Directions for this task » Scan the following material for the string "Hotel" and copy each line in which it appears.

§ §

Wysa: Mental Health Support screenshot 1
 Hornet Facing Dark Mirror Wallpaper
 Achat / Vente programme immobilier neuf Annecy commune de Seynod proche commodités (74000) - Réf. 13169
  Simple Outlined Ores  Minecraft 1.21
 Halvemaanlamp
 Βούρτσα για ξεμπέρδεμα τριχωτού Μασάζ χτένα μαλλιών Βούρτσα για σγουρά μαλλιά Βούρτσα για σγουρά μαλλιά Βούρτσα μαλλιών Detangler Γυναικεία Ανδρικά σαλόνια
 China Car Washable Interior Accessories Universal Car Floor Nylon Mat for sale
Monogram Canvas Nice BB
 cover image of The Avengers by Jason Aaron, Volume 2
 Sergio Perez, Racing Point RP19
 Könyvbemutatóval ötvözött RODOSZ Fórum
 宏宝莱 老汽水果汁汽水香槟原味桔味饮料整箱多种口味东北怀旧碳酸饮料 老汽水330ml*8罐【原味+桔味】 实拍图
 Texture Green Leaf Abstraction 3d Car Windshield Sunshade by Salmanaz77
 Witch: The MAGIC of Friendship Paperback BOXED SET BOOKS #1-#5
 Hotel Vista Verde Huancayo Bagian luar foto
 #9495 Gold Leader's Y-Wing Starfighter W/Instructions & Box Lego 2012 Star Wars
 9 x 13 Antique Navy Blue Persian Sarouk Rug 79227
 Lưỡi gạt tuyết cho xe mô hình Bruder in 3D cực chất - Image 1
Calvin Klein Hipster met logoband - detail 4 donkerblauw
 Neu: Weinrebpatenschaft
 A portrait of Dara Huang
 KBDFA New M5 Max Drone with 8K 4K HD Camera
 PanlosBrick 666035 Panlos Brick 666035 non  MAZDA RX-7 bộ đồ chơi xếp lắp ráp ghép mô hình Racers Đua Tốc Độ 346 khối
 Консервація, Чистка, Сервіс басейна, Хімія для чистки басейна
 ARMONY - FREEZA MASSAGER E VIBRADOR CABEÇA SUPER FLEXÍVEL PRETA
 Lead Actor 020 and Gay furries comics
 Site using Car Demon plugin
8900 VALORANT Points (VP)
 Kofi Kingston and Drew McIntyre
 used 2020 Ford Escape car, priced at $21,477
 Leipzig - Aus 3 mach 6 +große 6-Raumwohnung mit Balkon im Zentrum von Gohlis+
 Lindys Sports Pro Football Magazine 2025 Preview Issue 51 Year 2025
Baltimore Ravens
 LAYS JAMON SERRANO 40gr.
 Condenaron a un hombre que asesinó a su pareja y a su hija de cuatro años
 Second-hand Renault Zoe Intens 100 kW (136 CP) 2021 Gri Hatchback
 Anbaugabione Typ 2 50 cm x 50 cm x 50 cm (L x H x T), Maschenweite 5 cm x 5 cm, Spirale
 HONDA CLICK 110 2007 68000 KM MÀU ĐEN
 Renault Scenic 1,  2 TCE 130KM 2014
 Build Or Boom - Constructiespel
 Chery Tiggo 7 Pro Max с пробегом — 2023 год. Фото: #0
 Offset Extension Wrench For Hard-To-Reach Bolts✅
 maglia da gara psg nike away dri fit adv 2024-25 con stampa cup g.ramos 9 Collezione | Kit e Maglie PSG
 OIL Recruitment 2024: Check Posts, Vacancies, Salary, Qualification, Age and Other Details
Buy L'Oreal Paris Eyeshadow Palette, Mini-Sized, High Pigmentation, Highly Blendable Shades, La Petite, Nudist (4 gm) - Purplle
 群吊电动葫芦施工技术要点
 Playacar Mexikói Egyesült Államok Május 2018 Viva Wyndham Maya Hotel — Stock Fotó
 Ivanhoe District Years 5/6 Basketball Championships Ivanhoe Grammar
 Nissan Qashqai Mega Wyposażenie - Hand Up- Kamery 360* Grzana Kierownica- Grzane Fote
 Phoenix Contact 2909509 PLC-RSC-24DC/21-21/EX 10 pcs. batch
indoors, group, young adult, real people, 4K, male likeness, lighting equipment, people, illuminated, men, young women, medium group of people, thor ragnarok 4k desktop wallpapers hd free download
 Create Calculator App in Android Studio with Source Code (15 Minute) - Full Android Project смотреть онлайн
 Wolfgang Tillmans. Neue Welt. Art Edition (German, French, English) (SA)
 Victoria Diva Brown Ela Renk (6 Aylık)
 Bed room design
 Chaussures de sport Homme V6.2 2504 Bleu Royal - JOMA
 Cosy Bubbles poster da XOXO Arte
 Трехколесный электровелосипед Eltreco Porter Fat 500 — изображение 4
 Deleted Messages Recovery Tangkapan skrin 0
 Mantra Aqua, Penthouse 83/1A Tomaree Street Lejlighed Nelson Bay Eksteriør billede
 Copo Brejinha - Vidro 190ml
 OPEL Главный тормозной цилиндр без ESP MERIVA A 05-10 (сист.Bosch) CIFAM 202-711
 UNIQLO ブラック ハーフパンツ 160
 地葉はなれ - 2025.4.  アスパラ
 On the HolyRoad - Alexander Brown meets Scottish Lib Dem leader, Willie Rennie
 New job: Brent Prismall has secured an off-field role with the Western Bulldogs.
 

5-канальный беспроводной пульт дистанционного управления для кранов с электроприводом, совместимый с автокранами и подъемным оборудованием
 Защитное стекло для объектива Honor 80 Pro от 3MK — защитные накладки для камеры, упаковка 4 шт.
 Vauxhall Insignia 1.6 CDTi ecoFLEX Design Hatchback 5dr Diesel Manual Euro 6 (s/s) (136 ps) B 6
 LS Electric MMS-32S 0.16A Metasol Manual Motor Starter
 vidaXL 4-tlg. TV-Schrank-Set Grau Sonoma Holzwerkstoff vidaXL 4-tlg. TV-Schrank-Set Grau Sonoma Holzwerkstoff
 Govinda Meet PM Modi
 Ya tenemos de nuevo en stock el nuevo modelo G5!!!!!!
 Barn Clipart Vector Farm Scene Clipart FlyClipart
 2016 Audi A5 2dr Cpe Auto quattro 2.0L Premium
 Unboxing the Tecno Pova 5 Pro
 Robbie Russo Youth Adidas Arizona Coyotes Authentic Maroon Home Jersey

§ §

Response to the exercise »
 Hotel Vista Verde Huancayo Bagian luar foto
 Playacar Mexikói Egyesült Államok Május 2018 Viva Wyndham Maya Hotel — Stock Fotó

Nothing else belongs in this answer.